Recall that a solvable group is a group that has a normal series in which every factor is abelian.
I think that I can prove this by looking at the Hall subgroups of the group. Let $G$ be a solvable group of order sixty. We know that $60=2^2\cdot 3\cdot 5$. A Hall divisor $d$ of $G$ is a divisor of $60$ such that $\gcd(d, 60/d)=1$, and $H\leq G$ is a Hall subgroup if the order of $H$ is a Hall divisor. In particular, I know that $5$ is a Hall divisor of $G$.
Now since $5$ is a prime divisor of $G$, I know that $G$ has a $5$-Sylow subgroup $S$, and I also know that its order has to be $5$, by Lagrange's Theorem. If I can show that $S$ is the only $5$-Sylow subgroup, then I know it is normal, and I am done. I don't know if this is the case, and I don't know how the fact that $G$ is solvable helps.
Any help is appreciated, thank you.
 A: Let $K$ be a minimal normal subgroup of $G$; $|K|$ is either $2$, $3$, $4$, or $5$.


*

*If $K$ has order $3$, then $G/K$ has order $20$, and has a normal Sylow 5-subgroup (by Sylow's theorems). The preimage is a normal subgroup of order $15$ in $G$.  Again, by Sylow's theorems, the Sylow 5-subgroup is normal (in the subgroup, and then the whole group).

*If $K$ has order $4$, $G/K$ has order $15$, and the arguments above are basically reversed. Namely, $G/K$ has a normal Sylow 5-subgroup, we take the preimage, and get a normal subgroup of order $5$ again.

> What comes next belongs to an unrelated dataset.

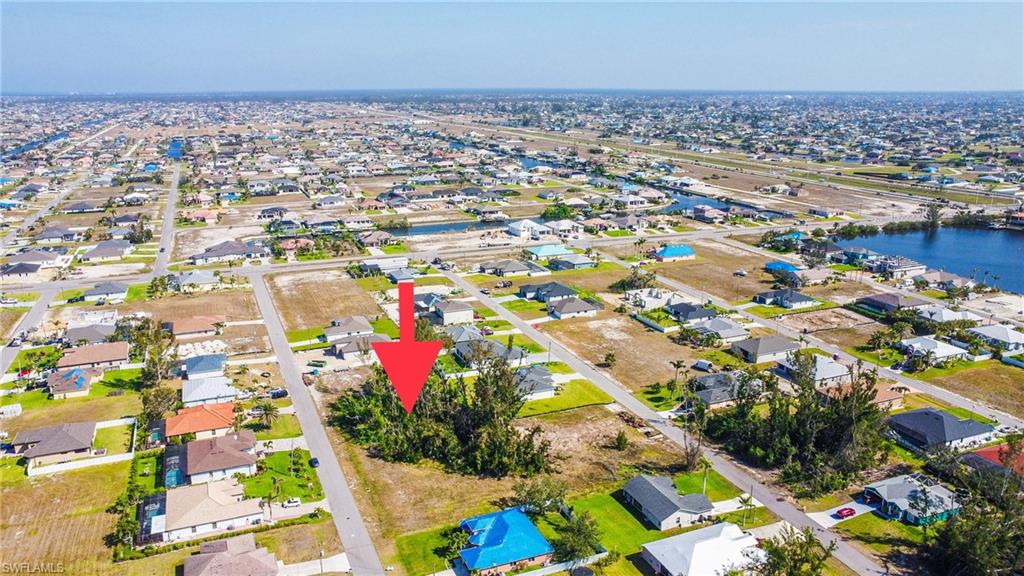 CAPE CORAL - Land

*If $K$ has order $5$, we're done.


What remains is the case $K$ has order $2$, and thus $G/K$ has order $30$.  If the Sylow 5-subgroup of $G/K$ is normal, then just like above, $G$ has a normal subgroup of order $5$ (since the Sylow 5-subgroup of a group of order $10$ is always normal).
That means all that is left is to prove a group $H$ of order $30$ always has a normal Sylow 5-subgroup.  We can proceed the same way we did above: find a minimal normal subgroup, look at the quotient, etc. The same arguments show $H$ has a normal Sylow 5-subgroup. [Thanks to @DerekHolt for mentioning this approach, which is pedagogically cleaner.]
[Original Version: This can be done by considering the action of $H$ on itself, by right multiplication.  An element of order $2$ will act as an odd permutation, which shows $H$ has a normal subgroup of order $15$.  Once more, we finish by noting that a group of order $15$ always has a normal Sylow 5-subgroup.]
Here's a second approach, which is more case-by-case, but also more elementary:
Assume $G$ has no normal Sylow 5-subgroup.  Then it has $6$ such subgroups, and a case-by-case analysis shows it has $10$ Sylow 3-subgroups.  Counting elements then shows $G$ has $5$ Sylow 2-subgroups.  The conjugation action on these Sylow 2-subgroups embeds $G$ in $S_5$, which means $G\cong A_5$, contradicting solvability.